> _GIVEN DATA_:
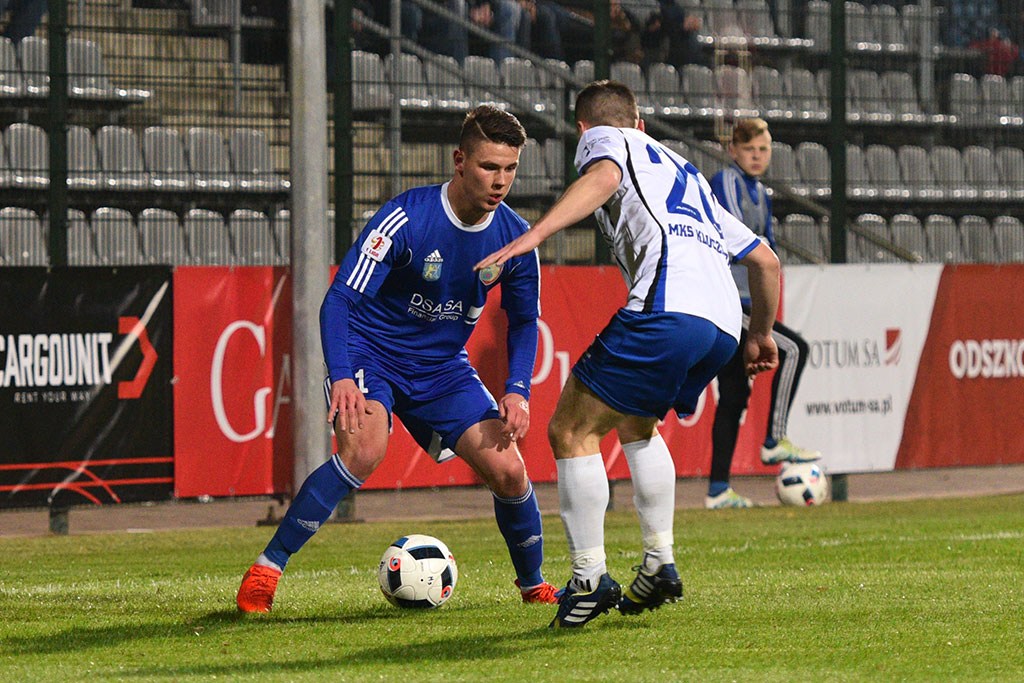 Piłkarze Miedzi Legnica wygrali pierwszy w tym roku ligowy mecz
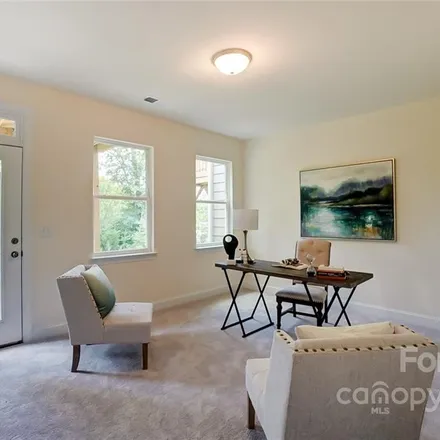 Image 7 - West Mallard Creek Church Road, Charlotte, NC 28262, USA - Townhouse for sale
--
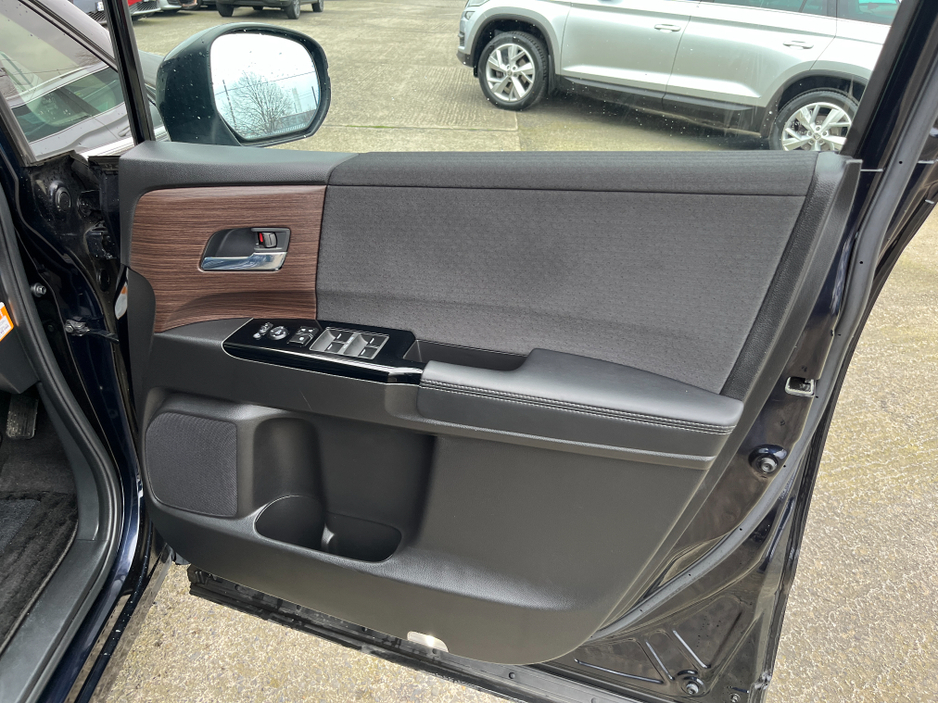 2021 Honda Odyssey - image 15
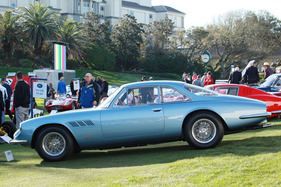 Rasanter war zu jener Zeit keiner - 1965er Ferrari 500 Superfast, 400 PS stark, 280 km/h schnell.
* * *
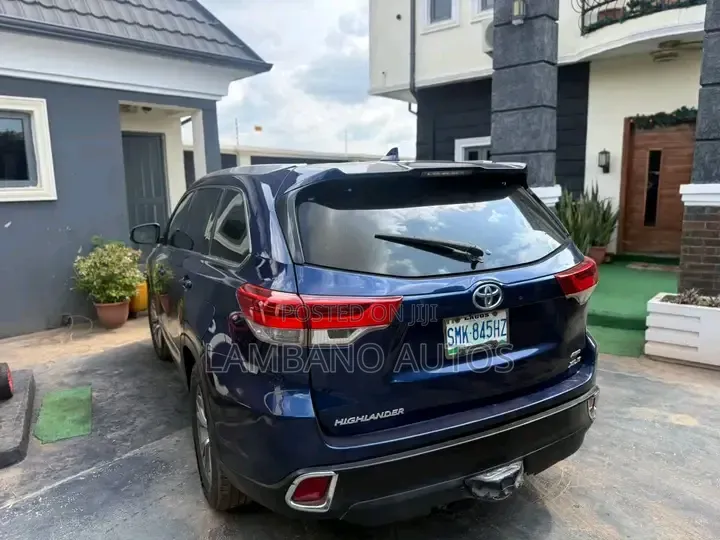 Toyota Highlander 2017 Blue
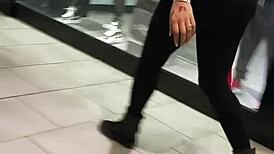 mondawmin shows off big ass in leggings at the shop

> _WHAT YOU WILL DO_:
Only one stretch of the listing above is to be duplicated: the lines from the one containing "Piłkarze Miedzi Legnica" through the one containing "Image 7 - West", both included. Copy them exactly, minus the pictures.

> _EXERCISE ANSWER_:
 Piłkarze Miedzi Legnica wygrali pierwszy w tym roku ligowy mecz
 Image 7 - West Mallard Creek Church Road, Charlotte, NC 28262, USA - Townhouse for sale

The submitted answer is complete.